> **Assignment**: Whether an entry is long or short, retype it exactly.
[[ Records provided open ]]
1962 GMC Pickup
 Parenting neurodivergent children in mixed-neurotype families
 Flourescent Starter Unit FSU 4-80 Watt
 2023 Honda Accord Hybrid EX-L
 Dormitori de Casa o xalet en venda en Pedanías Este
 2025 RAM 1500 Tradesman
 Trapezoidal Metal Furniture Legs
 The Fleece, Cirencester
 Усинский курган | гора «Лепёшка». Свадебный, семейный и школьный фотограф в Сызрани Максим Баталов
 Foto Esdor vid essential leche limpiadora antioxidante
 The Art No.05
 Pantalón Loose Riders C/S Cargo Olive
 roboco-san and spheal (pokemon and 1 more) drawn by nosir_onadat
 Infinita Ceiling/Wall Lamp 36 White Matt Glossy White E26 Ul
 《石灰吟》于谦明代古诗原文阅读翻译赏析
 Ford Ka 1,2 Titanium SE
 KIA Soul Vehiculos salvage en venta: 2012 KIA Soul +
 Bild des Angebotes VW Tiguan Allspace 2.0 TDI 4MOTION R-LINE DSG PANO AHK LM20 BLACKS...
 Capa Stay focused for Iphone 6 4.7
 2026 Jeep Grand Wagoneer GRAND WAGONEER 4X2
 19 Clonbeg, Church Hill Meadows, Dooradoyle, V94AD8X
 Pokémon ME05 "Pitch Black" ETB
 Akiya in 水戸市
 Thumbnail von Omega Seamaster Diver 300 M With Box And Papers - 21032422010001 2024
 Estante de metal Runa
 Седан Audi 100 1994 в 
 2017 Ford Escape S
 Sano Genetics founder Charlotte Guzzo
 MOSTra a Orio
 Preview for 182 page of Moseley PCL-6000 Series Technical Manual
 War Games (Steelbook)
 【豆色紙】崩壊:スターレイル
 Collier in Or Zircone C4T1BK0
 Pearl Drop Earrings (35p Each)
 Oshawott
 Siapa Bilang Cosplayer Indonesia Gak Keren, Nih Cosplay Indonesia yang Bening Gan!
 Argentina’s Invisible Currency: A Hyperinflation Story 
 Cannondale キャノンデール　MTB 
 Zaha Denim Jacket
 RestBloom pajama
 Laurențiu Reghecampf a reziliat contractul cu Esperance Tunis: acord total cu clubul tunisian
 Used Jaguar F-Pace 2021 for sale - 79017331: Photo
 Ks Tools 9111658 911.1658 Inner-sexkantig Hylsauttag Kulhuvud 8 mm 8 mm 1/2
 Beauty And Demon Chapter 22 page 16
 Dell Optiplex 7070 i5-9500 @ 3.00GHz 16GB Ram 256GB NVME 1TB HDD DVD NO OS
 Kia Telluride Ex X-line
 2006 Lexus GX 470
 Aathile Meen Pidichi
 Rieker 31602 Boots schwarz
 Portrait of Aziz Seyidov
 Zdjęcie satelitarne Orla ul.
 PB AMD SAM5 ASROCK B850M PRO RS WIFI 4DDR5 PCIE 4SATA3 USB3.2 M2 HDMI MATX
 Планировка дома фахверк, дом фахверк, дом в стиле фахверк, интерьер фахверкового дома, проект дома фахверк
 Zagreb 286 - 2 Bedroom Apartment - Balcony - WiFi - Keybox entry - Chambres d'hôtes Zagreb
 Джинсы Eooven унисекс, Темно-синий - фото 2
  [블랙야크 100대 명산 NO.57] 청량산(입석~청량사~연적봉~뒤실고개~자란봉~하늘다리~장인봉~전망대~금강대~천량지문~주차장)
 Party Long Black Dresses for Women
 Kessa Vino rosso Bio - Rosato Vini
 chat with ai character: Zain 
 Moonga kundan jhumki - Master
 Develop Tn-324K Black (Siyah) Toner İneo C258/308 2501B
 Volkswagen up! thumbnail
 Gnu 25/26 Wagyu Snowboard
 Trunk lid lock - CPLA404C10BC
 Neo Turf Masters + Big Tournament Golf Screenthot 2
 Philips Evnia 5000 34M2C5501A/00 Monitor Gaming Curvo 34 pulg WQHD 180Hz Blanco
[[ Records provided closed ]]
> **Output**:
1962 GMC Pickup
 Parenting neurodivergent children in mixed-neurotype families
 Flourescent Starter Unit FSU 4-80 Watt
 2023 Honda Accord Hybrid EX-L
 Dormitori de Casa o xalet en venda en Pedanías Este
 2025 RAM 1500 Tradesman
 Trapezoidal Metal Furniture Legs
 The Fleece, Cirencester
 Усинский курган | гора «Лепёшка». Свадебный, семейный и школьный фотограф в Сызрани Максим Баталов
 Foto Esdor vid essential leche limpiadora antioxidante
 The Art No.05
 Pantalón Loose Riders C/S Cargo Olive
 roboco-san and spheal (pokemon and 1 more) drawn by nosir_onadat
 Infinita Ceiling/Wall Lamp 36 White Matt Glossy White E26 Ul
 《石灰吟》于谦明代古诗原文阅读翻译赏析
 Ford Ka 1,2 Titanium SE
 KIA Soul Vehiculos salvage en venta: 2012 KIA Soul +
 Bild des Angebotes VW Tiguan Allspace 2.0 TDI 4MOTION R-LINE DSG PANO AHK LM20 BLACKS...
 Capa Stay focused for Iphone 6 4.7
 2026 Jeep Grand Wagoneer GRAND WAGONEER 4X2
 19 Clonbeg, Church Hill Meadows, Dooradoyle, V94AD8X
 Pokémon ME05 "Pitch Black" ETB
 Akiya in 水戸市
 Thumbnail von Omega Seamaster Diver 300 M With Box And Papers - 21032422010001 2024
 Estante de metal Runa
 Седан Audi 100 1994 в 
 2017 Ford Escape S
 Sano Genetics founder Charlotte Guzzo
 MOSTra a Orio
 Preview for 182 page of Moseley PCL-6000 Series Technical Manual
 War Games (Steelbook)
 【豆色紙】崩壊:スターレイル
 Collier in Or Zircone C4T1BK0
 Pearl Drop Earrings (35p Each)
 Oshawott
 Siapa Bilang Cosplayer Indonesia Gak Keren, Nih Cosplay Indonesia yang Bening Gan!
 Argentina’s Invisible Currency: A Hyperinflation Story 
 Cannondale キャノンデール　MTB 
 Zaha Denim Jacket
 RestBloom pajama
 Laurențiu Reghecampf a reziliat contractul cu Esperance Tunis: acord total cu clubul tunisian
 Used Jaguar F-Pace 2021 for sale - 79017331: Photo
 Ks Tools 9111658 911.1658 Inner-sexkantig Hylsauttag Kulhuvud 8 mm 8 mm 1/2
 Beauty And Demon Chapter 22 page 16
 Dell Optiplex 7070 i5-9500 @ 3.00GHz 16GB Ram 256GB NVME 1TB HDD DVD NO OS
 Kia Telluride Ex X-line
 2006 Lexus GX 470
 Aathile Meen Pidichi
 Rieker 31602 Boots schwarz
 Portrait of Aziz Seyidov
 Zdjęcie satelitarne Orla ul.
 PB AMD SAM5 ASROCK B850M PRO RS WIFI 4DDR5 PCIE 4SATA3 USB3.2 M2 HDMI MATX
 Планировка дома фахверк, дом фахверк, дом в стиле фахверк, интерьер фахверкового дома, проект дома фахверк
 Zagreb 286 - 2 Bedroom Apartment - Balcony - WiFi - Keybox entry - Chambres d'hôtes Zagreb
 Джинсы Eooven унисекс, Темно-синий - фото 2
  [블랙야크 100대 명산 NO.57] 청량산(입석~청량사~연적봉~뒤실고개~자란봉~하늘다리~장인봉~전망대~금강대~천량지문~주차장)
 Party Long Black Dresses for Women
 Kessa Vino rosso Bio - Rosato Vini
 chat with ai character: Zain 
 Moonga kundan jhumki - Master
 Develop Tn-324K Black (Siyah) Toner İneo C258/308 2501B
 Volkswagen up! thumbnail
 Gnu 25/26 Wagyu Snowboard
 Trunk lid lock - CPLA404C10BC
 Neo Turf Masters + Big Tournament Golf Screenthot 2
 Philips Evnia 5000 34M2C5501A/00 Monitor Gaming Curvo 34 pulg WQHD 180Hz Blanco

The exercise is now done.